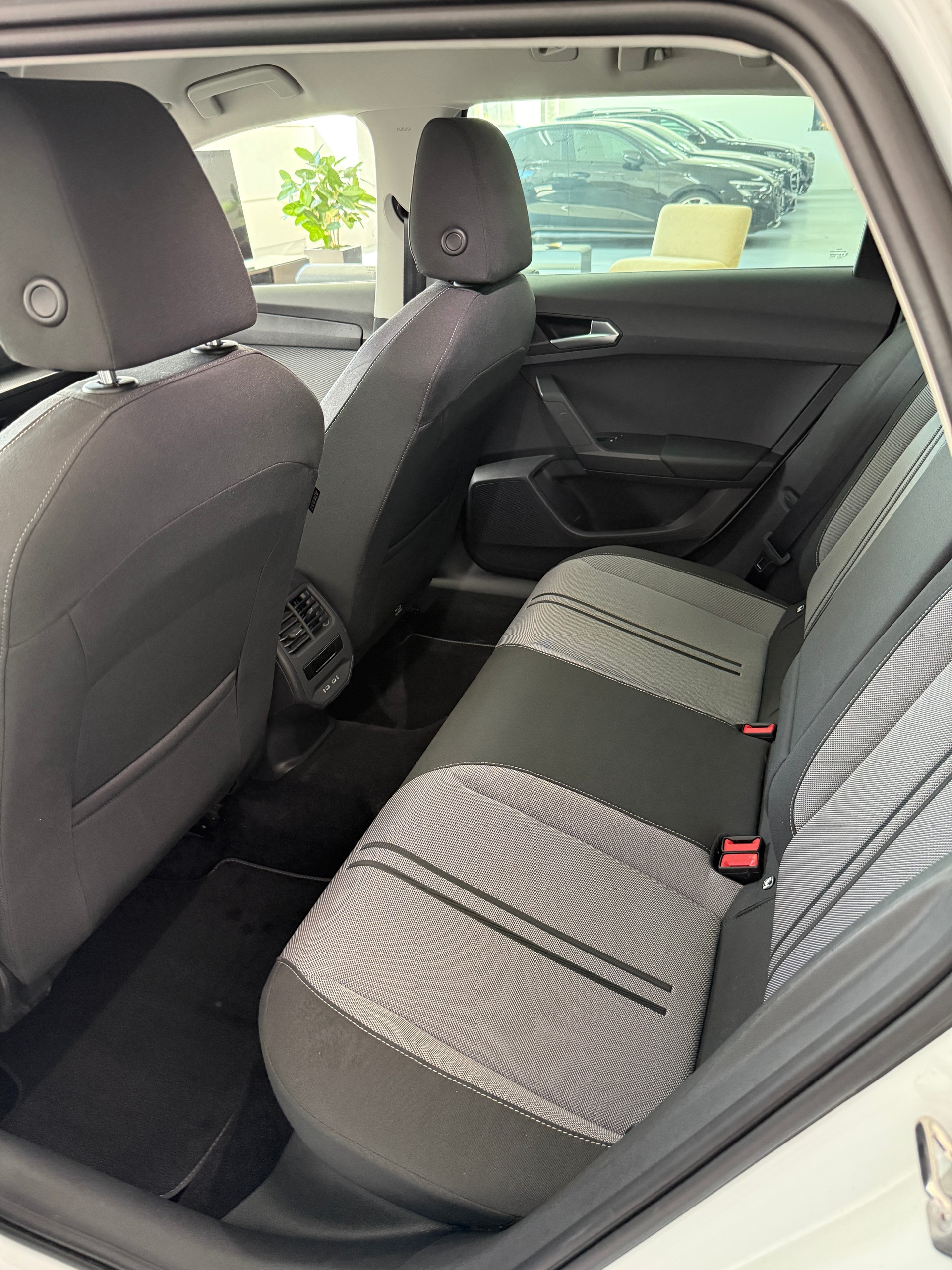 SEAT Leon ST 2.0 TDI EVO DSG Style-image-11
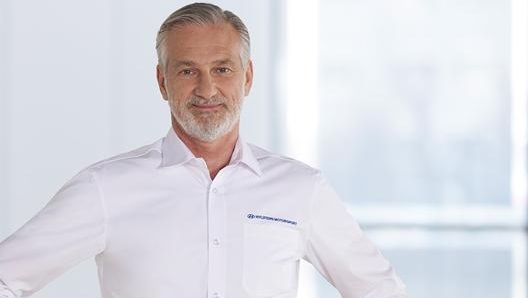 Stefan Henrich è responsabile marketing e PR di Hyundai Motorsport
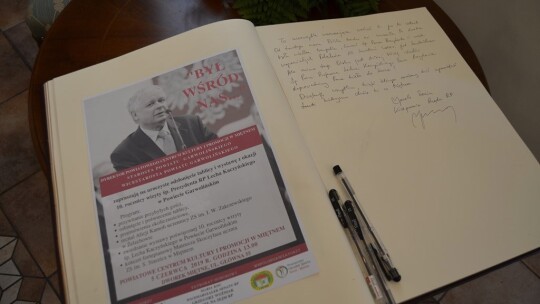 Tablica na 10. rocznicę wizyty prezydenta Kaczyńskiego Tablica na 10. rocznicę wizyty prezydenta Kaczyńskiego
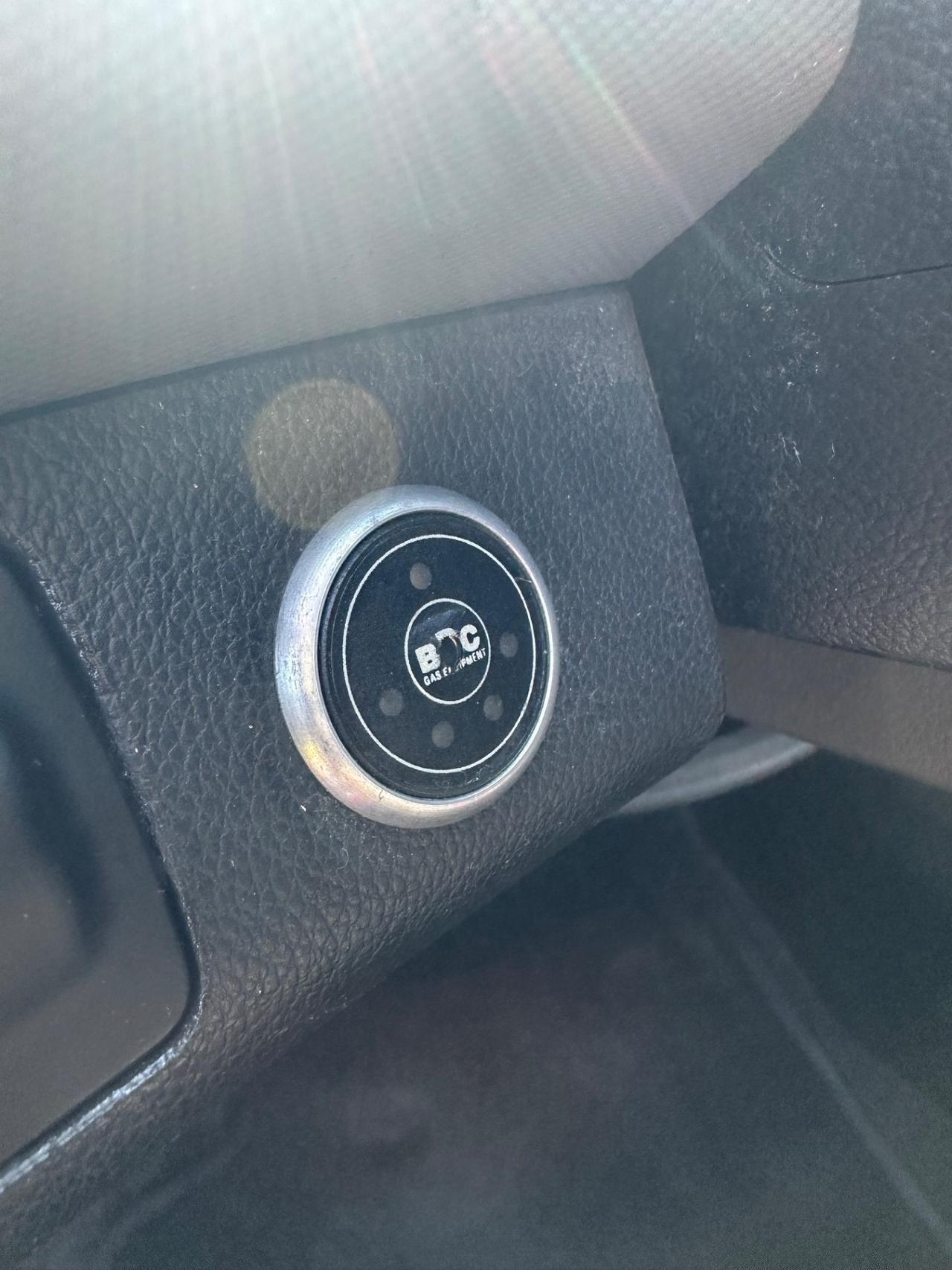 Chevrolet Aveo 1.2 86CV GPL CASA MADRE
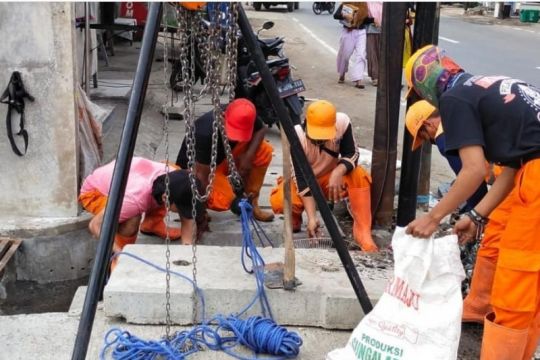 Petugas PPSU angkat 80 karung lumpur-sampah di Cakung Jaktim
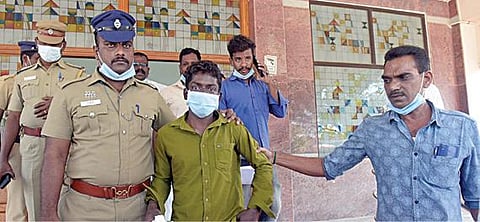 வேலூர் நகைக்கடை திருட்டில் கைதான டீக்காராமனை நீதிமன்றத்தில் ஆஜர் படுத்திவிட்டு சிறைக்கு அழைத்துச் செல்லும் போலீஸார். படம்: வி.எம்.மணிநாதன்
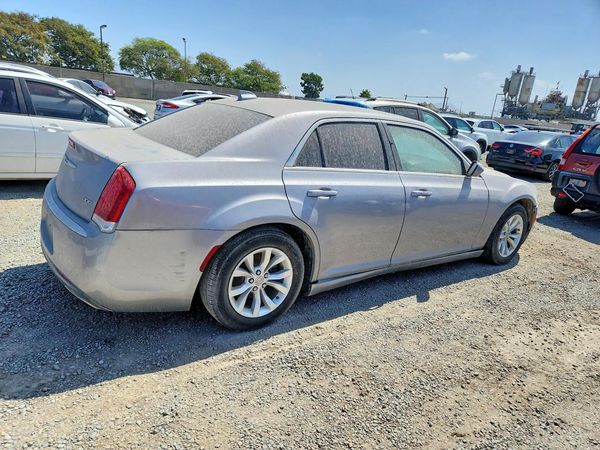 2016 CHRYSLER 300 Limited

────

Problem to work on
Leaving out the pictures, reproduce the whole listing above exactly.

Task answer
 SEAT Leon ST 2.0 TDI EVO DSG Style-image-11
 Stefan Henrich è responsabile marketing e PR di Hyundai Motorsport
 Tablica na 10. rocznicę wizyty prezydenta Kaczyńskiego Tablica na 10. rocznicę wizyty prezydenta Kaczyńskiego
 Chevrolet Aveo 1.2 86CV GPL CASA MADRE
 Petugas PPSU angkat 80 karung lumpur-sampah di Cakung Jaktim
 வேலூர் நகைக்கடை திருட்டில் கைதான டீக்காராமனை நீதிமன்றத்தில் ஆஜர் படுத்திவிட்டு சிறைக்கு அழைத்துச் செல்லும் போலீஸார். படம்: வி.எம்.மணிநாதன்
 2016 CHRYSLER 300 Limited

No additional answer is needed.